During 2015, the Middle East had one of the world's highest succession rates, as 21 per cent of the region's largest organisations changed their CEO. This figure however, is largely down to higher than average CEO transitions in Saudi Arabia.
There are certain challenges relating to finding senior successors that are specific to the GCC, explains Jon Ashcroft, senior business director, Executive Search at Hays. “There is a lot of high-calibre talent in this region. However, private sector bosses often seek to hire candidates with specific experience from within the same industry or sector – candidates that can instantly add value,” he says. “This makes the hiring of senior talent more challenging. If an organisation operates in a fairly niche field they may look to recruit from other parts of the world, but the majority of senior-level recruitment that we handle is for candidates that are already in the region.”
Some organisations are underestimating the time needed to execute a succession plan. “A reasonable number of organisations, but certainly not all, are guilty of not planning far enough in advance,” says Ashcroft. “As a result, not only do they not allow themselves sufficient time to find the right talent, but also do not allow for an adequate handover period.”
Neha Mohunta, senior consultant with Aon Hewitt Middle East, has also identified a lack of planning as a big challenge. “Succession planning is a proactive process,” she says. “In organisations – public or private – where this exercise is viewed as an ad-hoc activity it is always hard to identify the successor. Leaders are not built overnight and can seldom be thrown in the deep end to survive. They need to be developed with the right support structure to ensure that they are not set up for failure.
“However, the challenge is still not the shortage of talent, but the unwillingness of leaders to invest in building a succession pipeline,” adds Mohunta. “Effective succession planning requires an equal commitment from the leader and successor. Unfortunately, this commitment is only met halfway as leaders tend to view the exercise with skepticism, resulting from insecurity or inadequate time to plan development.”
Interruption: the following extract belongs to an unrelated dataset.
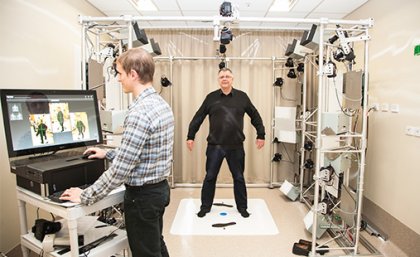 Mr Glen Wimberley and Professor H. Peter Soyer using the VECTRA Whole Body 360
Traditionally, the practice of what the West refers to as 'nepotism', known in the GCC as wasta, has been a common part of succession planning – especially in family businesses. Experts now say that this practice is obsolete.
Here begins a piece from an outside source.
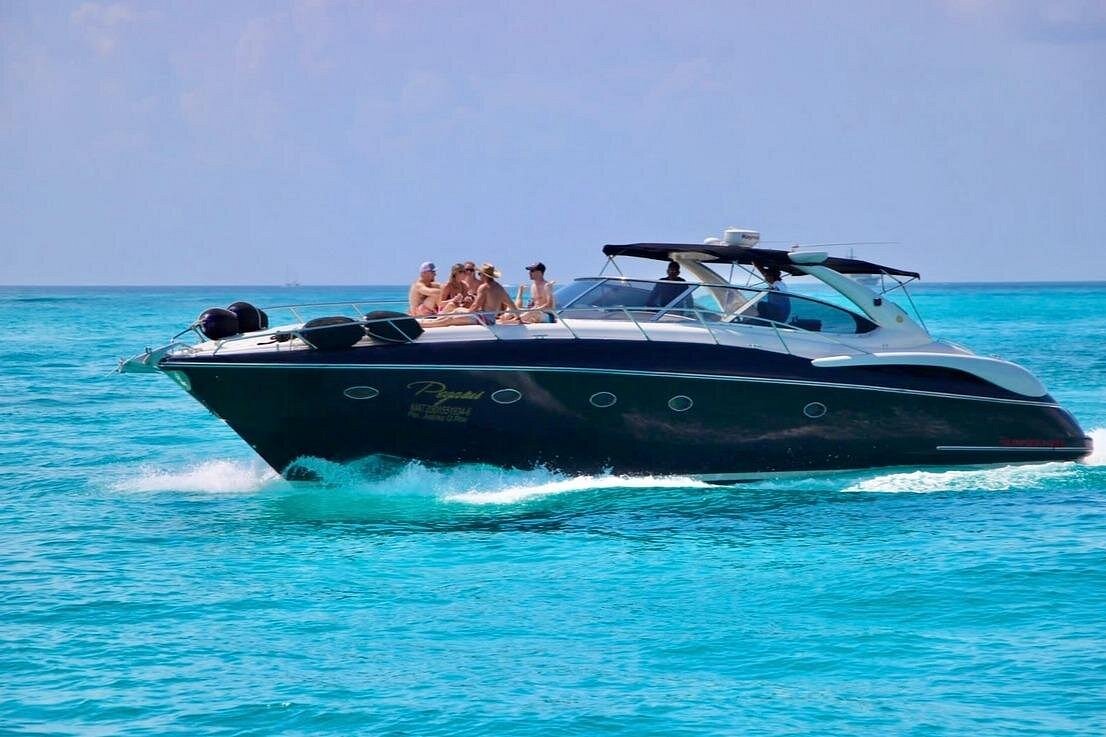 Yate Privado 60 ft Isla Mujeres Riviera Maya para hasta 20 personas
“Nepotism is not the succession challenge the region is facing,” says Mohunta. “Organisations today operate in what has come to be known as a volatile, uncertain, complex and ambiguous (VUCA) environment. Rethinking what roles warrant succession planning, identifying successors who display relevant competencies, and investing in an infrastructure that enables development is the need of the hour. Based on our experience across government entities, Islamic institutions and private family owned businesses in the region, organisations that are on board with the new succession agenda are already seeing growth ahead of industry standards.”